Intervistato da Repubblica qualche tempo fa, il noto produttore discografico statunitense Rick Rubin – parlando del percorso che ogni artista si trova a percorrere nella sua vita – disse che il fallimento è l’informazione che serve per raggiungere il luogo dove si è diretti.
Più o meno la stessa cosa, formulata in altri termini, l’ha detta Oscar Farinetti – imprenditore, scrittore, fondatore ed ex patron di Eataly – al Teatro della Tosse di Genova agli oltre 300 studenti delle scuole secondarie superiori liguri che hanno partecipato a Orientamenti, un progetto della Regione Liguria pensato per aiutare i giovani a scegliere in modo più consapevole il proprio percorso di studi e a orientarsi nel mondo del lavoro.

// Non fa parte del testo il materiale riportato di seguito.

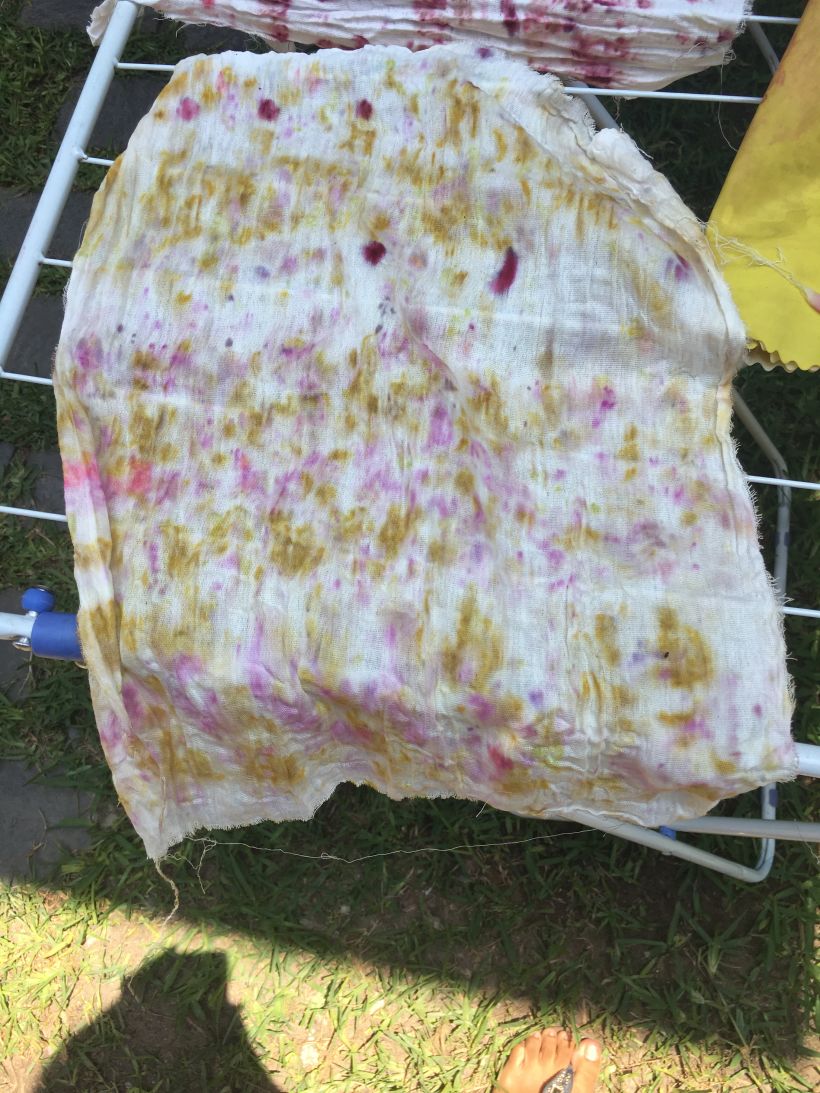 Bundle Dye teñido con marigold y margaritas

Come riportato anche in questo caso da Repubblica, in quella occasione, circa un mese fa, Oscar Farinetti si era rivolto proprio a una platea di giovani con queste parole: “Ai ragazzi dico che bisogna provarci, è molto più importante provarci che farcela: molti giovani non ci provano più perché hanno paura di sbagliare, perché è passata la cifra del farcela sempre e c’è l’idea che chi sbaglia è un fallito. Invece no, se si sbaglia non è assolutamente un problema. Si torna indietro e si prenderà un’altra strada, ma bisogna provarci”.
Il fallimento, dunque, è un’esperienza da rivalutare. O, per meglio dire, da interpretare in modo positivo, come tappa obbligata, sentiero che porta al successo. E non, come purtroppo spesso viene percepito dai giovani, come prova che si è dei buoni a nulla. Oggi, uno dei temi più dibattuti nella nostra Scuola è proprio l’ansia dei ragazzi e delle ragazze, la paura di sottoporsi a una verifica, l’angoscia generata da un voto negativo. Insomma, il timore del fallimento e di non rispondere alle aspettative dei propri genitori, l’autostima che si sgretola.

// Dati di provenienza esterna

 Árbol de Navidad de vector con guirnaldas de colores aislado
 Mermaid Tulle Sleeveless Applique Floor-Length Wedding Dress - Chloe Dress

Questo tipo di malessere, sostiene Loredana Cirillo – psicologa e psicoterapeuta, socia di Minotauro, Istituto di analisi dei codici affettivi – colpisce in massima parte gli allievi abituati a eccellere o, almeno, ad avere sempre buoni voti. Intervistata recentemente da Donna Moderna, la dottoressa Cirillo parla di fallimenti che bruciano di più per chi è abituato a eccellere e che sono ancor di più difficili da gestire. Tollerare l’errore, per chi solitamente non ne commette, è una delle più grosse fatiche.
La psicoterapeuta, che ha una grossa esperienza dell’universo adolescenziale, afferma che questi ragazzi sanno bene che errare è umano, ma per loro sopportarlo è molto difficile. Perché non sono abituati, perché non hanno mai conosciuto il fallimento. Per loro un 4 in Italiano o in Matematica non è solo un inciampo, ma un voto negativo e indelebile al loro sé, alla loro persona, una grande vergogna.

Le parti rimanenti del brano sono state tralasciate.